Mayor Michael Bloomberg signed a bill today that bans smoking in outdoor public spaces like parks and beaches, continuing the agressive pursuit of public health that has been a hallmark of his administration.
“Frederic Law Olmstead hailed public parks as the ‘lungs of the City’ – a haven where one could escape the overcrowded, noisy, and polluted streets,” Bloomberg said at the signing. “We need to ensure that our public spaces provide just that – a healthy place in which to relax and enjoy the surroundings. Smoke-free parks and beaches will make these recreational spaces more enjoyable for everyone by providing open space, clean air, and healthy activities.”
The mayor said that protecting New Yorkers from secondhand smoke was the ban’s principal goal, followed by eliminating the cigarette butts that dot many beaches and parks.
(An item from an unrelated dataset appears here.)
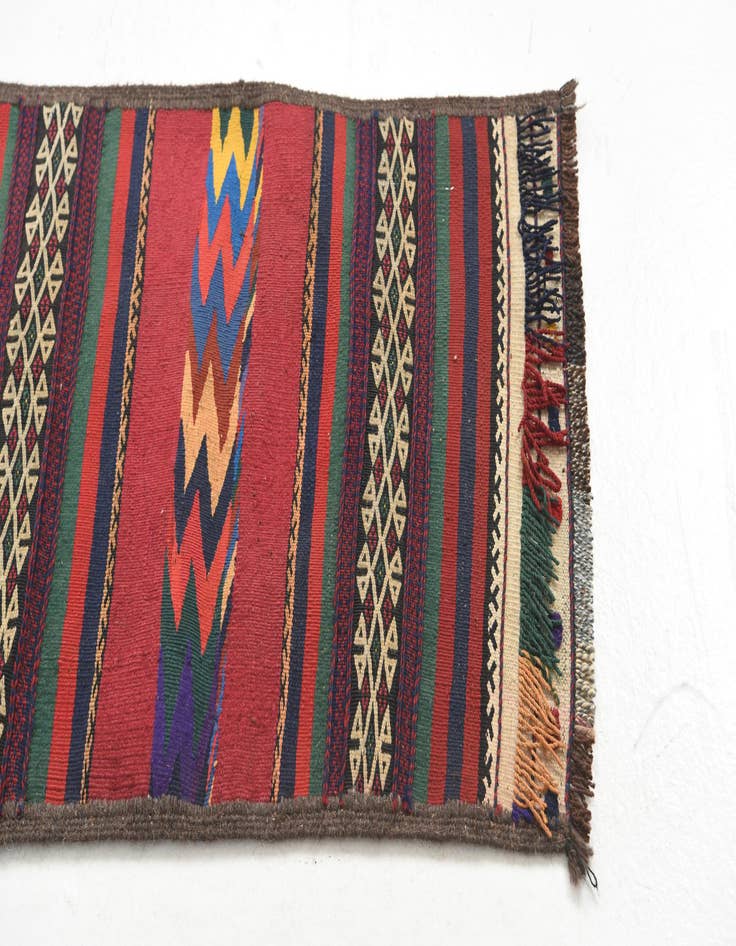 Detail image of 2' x 9' 10  Hand Knotted Kilim Fars Persian Wool Runner Rug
“Cigarette litter is difficult and expensive to clean up and is a hazard to children, pets, and the environment,” Bloomberg said. “Cigarette-related litter accounts for 75 percent of all litter on beaches and 33 percent of all litter in parks.”
City Council Speaker Christine Quinn, one of 36 council members to vote for the bill, coupled praise for the measure with a sharp rebuke of the tobacco industry.
“With this new law, New Yorkers can now breathe easier and live longer, healthier lives,” Quinn said. “My Council colleagues and I know that ‘Big Tobacco’ will never rest in its efforts to recruit new smokers to replace those customers who are dying prematurely from using their products.”